Gradually, with all the practice, i improved. Finally, late in the evening Joan asked that I prepare two smoked salmon salads, bring Her cigarettes, and make two rum and Cokes. Of course I did Her bidding, and was shocked when She invited me to sit with Her; the seconds of everything were mine! It was indeed a privilege! It was a rare treat to enjoy a drink and a cigarette with Her; my smoking was usually done outside, not in the presence of the family Matriarch! But i had established a rapport of sorts with Joan; i think She sensed i genuinely adored Her—and i did!

Serving the Women

Having learned the basics, it was time to put my newfound knowledge into practice. Once the drinks are mixed and orders filled, it’s time to serve the Women. The Protocols and my training ensured that i’d get it right!

i was to approach the group, slightly bow in their presence and begin serving. The tray was to be held high until i was in position ready to serve; only then could i lower it, but only to chest height.

The Matriarch is to be served first, no matter where She is seated; if this is the first time serving Her on that particular day, She is accorded a slight bow. Then stoop when serving and, slightly above a whisper, use an honorific courtesy such as “my pleasure, Madame!” Then serve the other Women in order of their rank within the family. Serve drinks to each Woman and quietly announce the drink while doing so—“Rum and Coke, Madame!” Knowing a Woman’s rank, drink preference and the like is obviously important; again we see the necessity of a progressive gentleman’s keeping a journal.

Once the Women were served, i was to remove any extraneous items and return to the kitchen; men were not to intrude on the Women’s space! But first, it was my habit to leave a bell on the table for the Women to summon me if anything were needed; we earlier made a post here about this, “I Hear Bells.” While of course i look in on the Women from time to time, the bell allows my periodic visits to be less frequent while still maintaining a high level of service. The bell Protocol makes me more efficient and less intrusive to the Women.

Other Useful Reminders for Serving the Women:

Serve with appropriate decorum: serve from the right, take from the left; serve the Matriarch first, then female guests; men are NEVER served and should be serving, not seated with the Women.

After removing or placing items, the table is always touched up with a linen napkin; the napkin is used only once; I am expected to have napkins on my tray or person at all times; those deep apron pockets are so handy!

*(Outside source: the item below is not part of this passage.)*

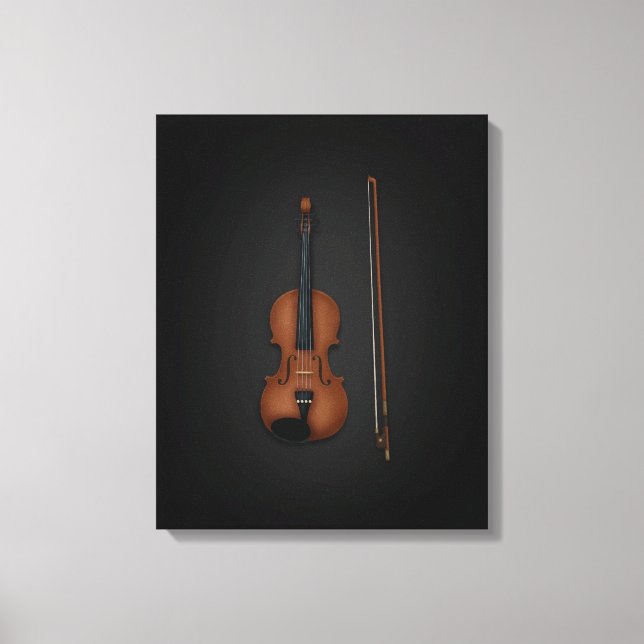 Violon & Bow côte à côte sur toile noire 16x (Recto)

In the event of a spill, the Women are to be quickly relocated to another table and served; only then is the cleanup addressed. The Women come first!

Candles

Nancy and Sue love scented candles, and it’s one of the requirements of service to have them available and place them as the Protocols prescribe:

§  Scented candles are to be placed on the table at which the Women are being served. The size of the table dictates how many scented candles are needed; the larger the table, the more candles needed. A small table requires only one candle, a coffee table, two, and a larger table, three. The man serving is required to enter the room once the Women are seated and light the candles. The lighter is brought to the room on his tray.

§  Should a candle burn out, it is to be immediately replaced.

§  After the Women leave, candles are to be extinguished and discarded. Candles are not to be reused.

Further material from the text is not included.